**STORED DATA**:
+++++

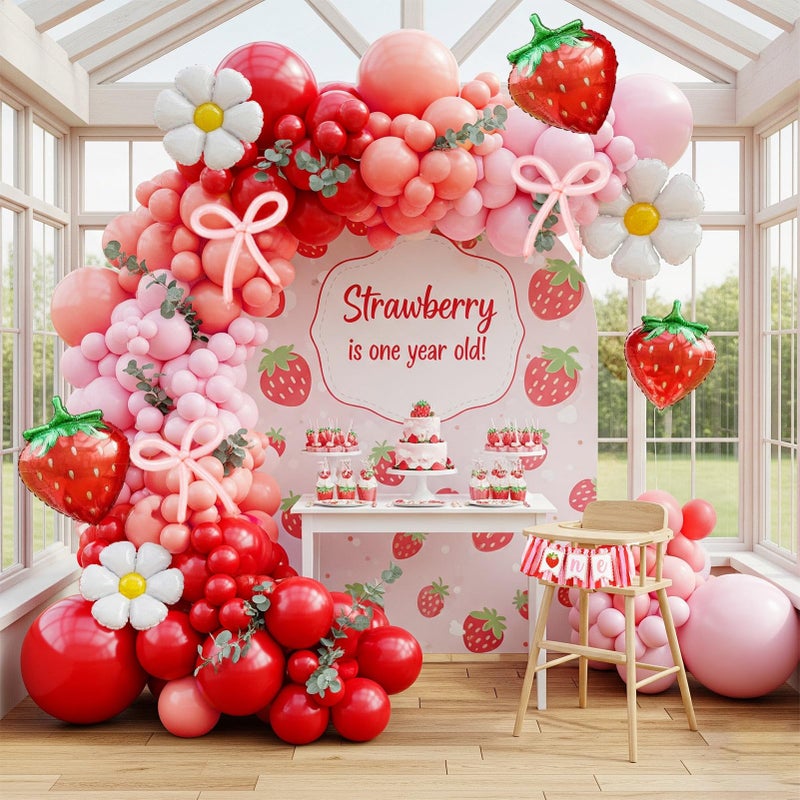yeewaka Pink red Strawberry balloon garland arch kit 130pcs with Strawberry Daisy mylar balloon DIY bow balloons for girl baby shower berryfirst 1st birthday Two groovy coquette party decorations - Image 1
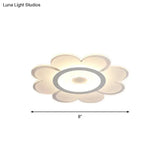 Contemporary Flower Shaped Acrylic Ceiling Light - White Led Flush Mount For Living Room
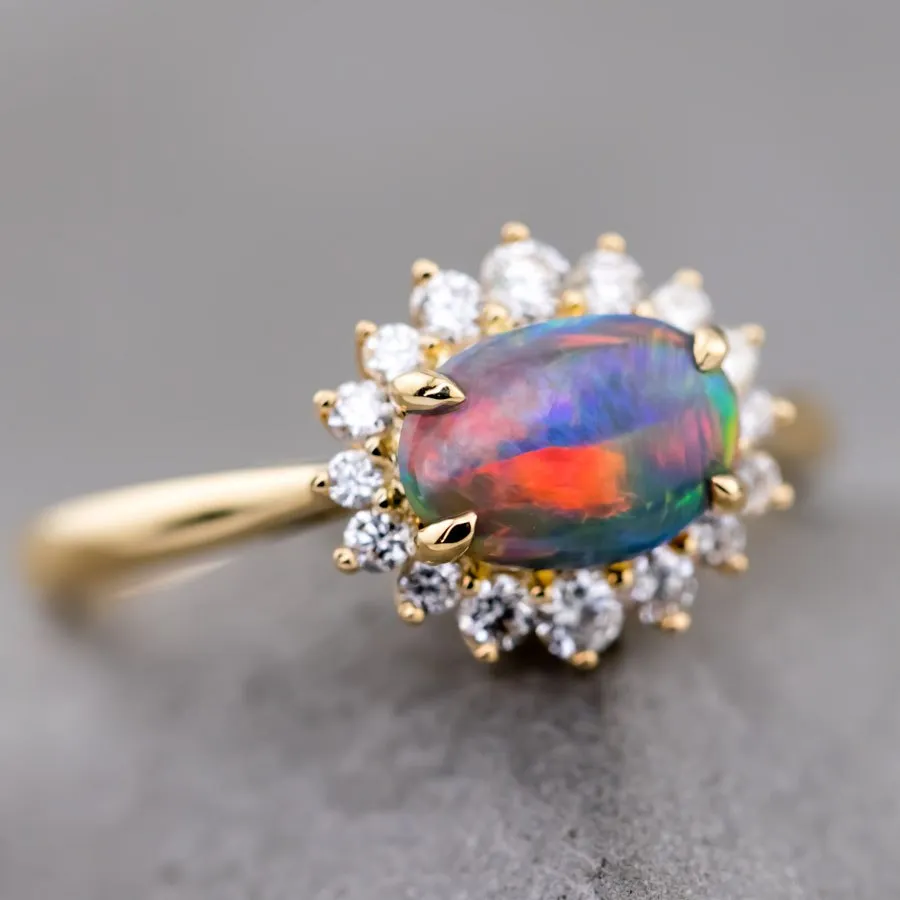 Play of Color Black Opal Diamond Halo Engagement Ring 18K Yellow Gold
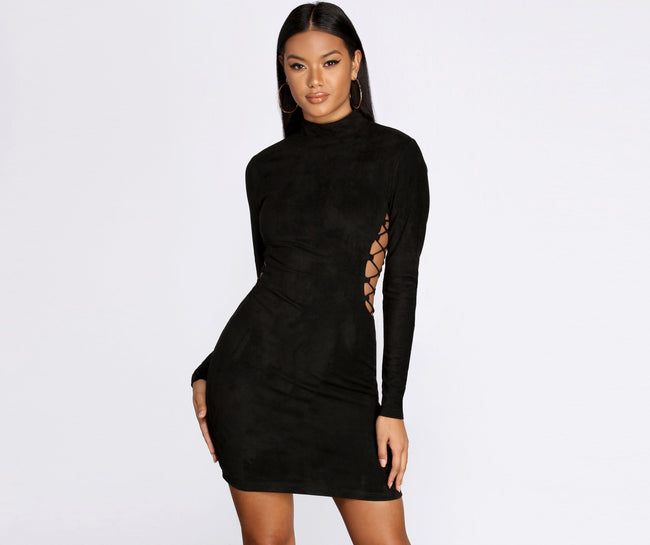 Lace Up Suede Mini Dress - Lady Occasions Main image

+++++

**EXERCISE REQUIREMENTS**: Reproduce the listing above exactly, but skip the pictures.

**YOUR RESPONSE**:
yeewaka Pink red Strawberry balloon garland arch kit 130pcs with Strawberry Daisy mylar balloon DIY bow balloons for girl baby shower berryfirst 1st birthday Two groovy coquette party decorations - Image 1
 Contemporary Flower Shaped Acrylic Ceiling Light - White Led Flush Mount For Living Room
 Play of Color Black Opal Diamond Halo Engagement Ring 18K Yellow Gold
 Lace Up Suede Mini Dress - Lady Occasions Main image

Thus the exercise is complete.